Oscar Vilhena Vieira, professor fundador da FGV Direito e membro da Comissão Arns, refuta a tese de que os golpistas apenas elucubraram e não colocaram em prática o golpe. “O ato de ameaça às eleições, a tentativa de desestabilizar o Tribunal Superior Eleitoral, a reunião com os embaixadores, a tentativa de explosão do caminhão, a presença e a tolerância com os manifestantes na porta dos quartéis, todo esse conjunto de atos são ataques ao Estado de Direito”, argumentou em entrevista ao Meio.

Já sobre a questão da suspeição, Vilhena pensa que, se a PGR denunciar os 37 indiciados por algum crime em que o Alexandre seja a vítima, é evidente que ele não pode ser o juiz desse próprio processo, ou seja, terá de se declarar impedido de julgar. “Mas nesse caso agora, se essa tentativa de homicídio dele não for objeto de denúncia, e acho que não deve ser, porque houve uma troca de informações, mas não chegaram a tentar, não vejo porque ele não possa julgar.”

Para o presidente do o Instituto Brasileiro de Ciências Criminais (IBCCRIM), Renato Stanziola Vieira, seria fundamental que o plenário do STF decida o quanto antes sobre a existência ou não de suspeição de um de seus integrantes “para que se deixe de debater sobre a conduta de um de seus membros e se volte a atenção para a gravidade do problema concreto, suscitado com a nova tentativa de golpe há pouco descoberta”, apontou. “A Corte, ao debater de forma colegiada a situação de possível interesse pessoal de um de seus integrantes, dará exemplo de serenidade e grandeza, e é disso que todos os jurisdicionados precisam.”

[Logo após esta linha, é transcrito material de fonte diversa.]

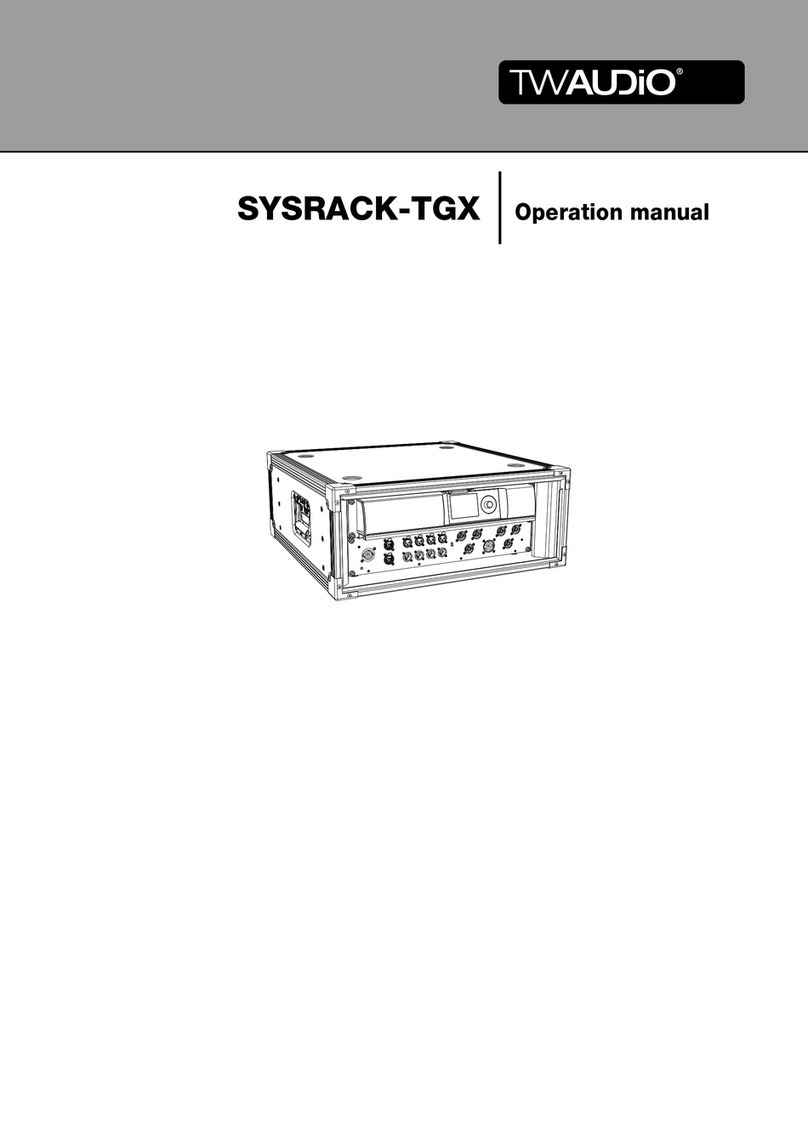 TW Audio SYSRACK-TGX Operation manual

Lembrando que a imparcialidade é princípio reitor do processo penal, entende que “talvez a Corte se depare com a novidade de ter de separar o que coloca uma pessoa individualmente como vítima, e assim interessada em se autoproteger e condenar alguém, e outra, que coloca a instituição como um todo como vítima de ataque antidemocrático, com o que se dilui o interesse de qualquer de seus membros no desfecho do caso. Imagino que os argumentos passem por esse debate, se vierem a público.”

Azougue político, o advogado criminal de Brasília Antônio Carlos Almeida Castro é mais enfático ao descartar o argumento: “Aceitar a tese da suspeição seria dar ao investigado o controle de quem ele quer como juiz do seu caso”. Sublinha ainda que o fato de a defesa de Bolsonaro não ter se debruçado para negar os fatos apresentados pela polícia no inquérito demonstra que, “ao que parece, o trabalho da PF foi tão bem-feito tecnicamente que está 'irrespondível'.”